SOURCE MATERIAL >>
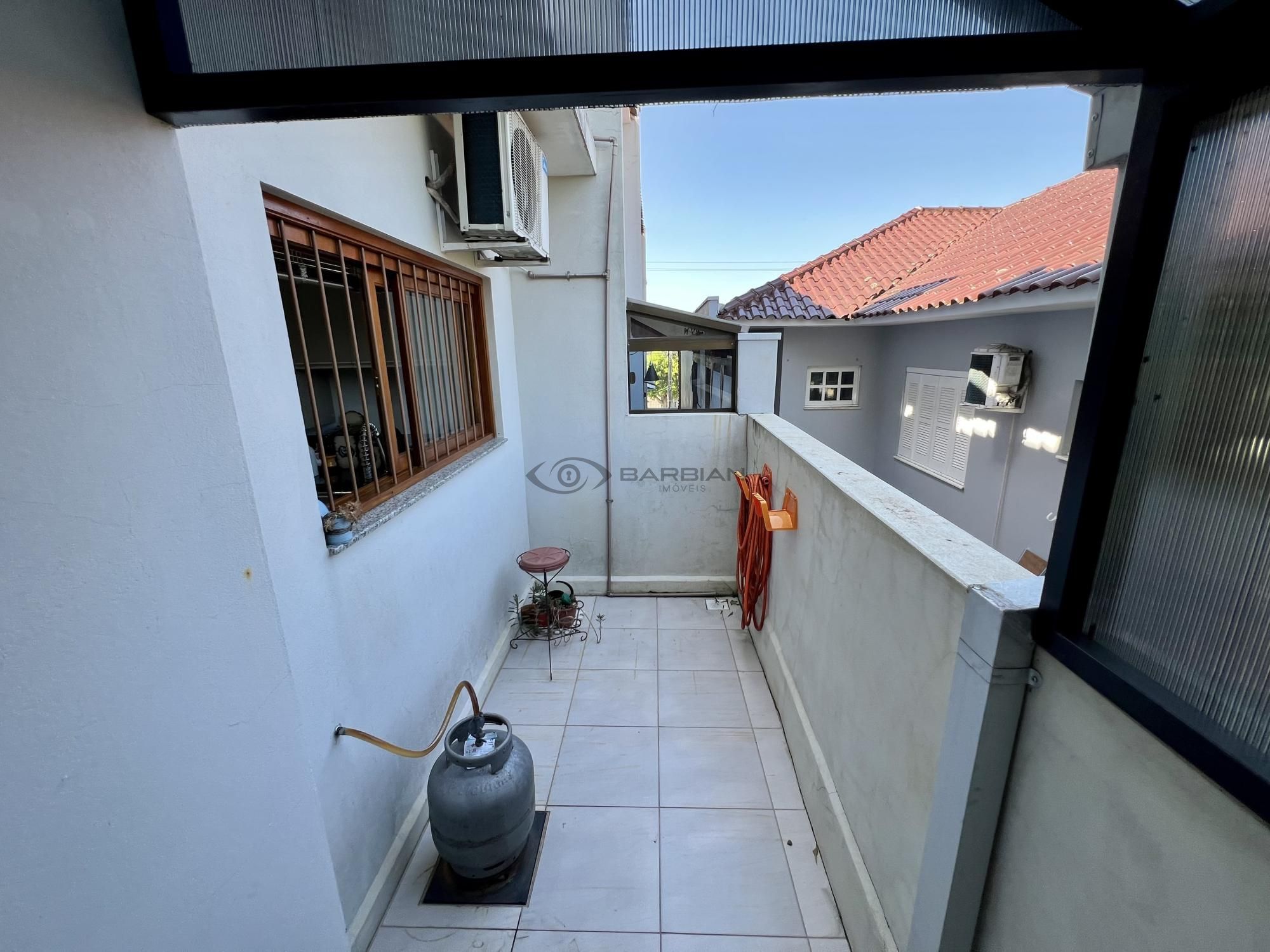 Apartamento com 3 Dormitórios à venda, 105 m² por R$ 550.000,00 Apartamento com 3 Dormitórios à venda, 105 m² por R$ 550.000,00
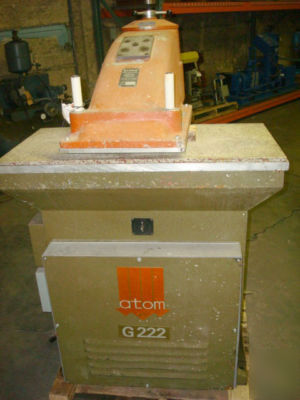 Atom G222 steel rule die cutter/clicker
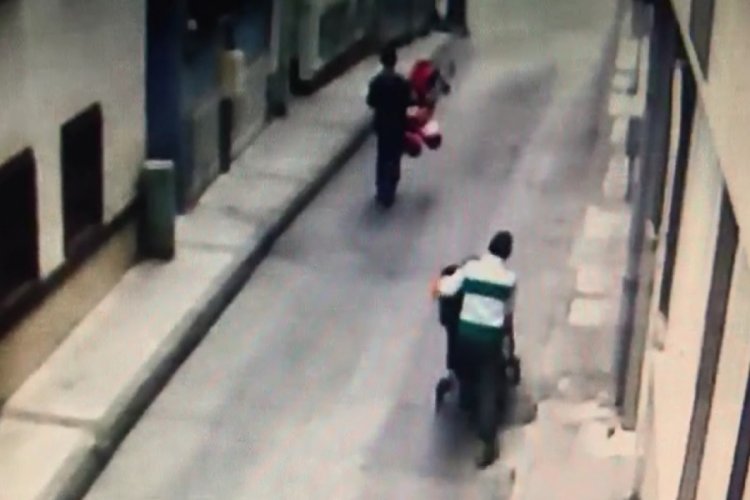 Bursa'da yabancı uyruklu hırsızlar ikizlerin bebek arabasını b&ouml;yle &ccedil;aldı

PROBLEM DETAILS >>
Please write the data out again exactly, but do not carry over the pictures.

EXPECTED ANSWER >>
 Apartamento com 3 Dormitórios à venda, 105 m² por R$ 550.000,00 Apartamento com 3 Dormitórios à venda, 105 m² por R$ 550.000,00
 Atom G222 steel rule die cutter/clicker
 Bursa'da yabancı uyruklu hırsızlar ikizlerin bebek arabasını b&ouml;yle &ccedil;aldı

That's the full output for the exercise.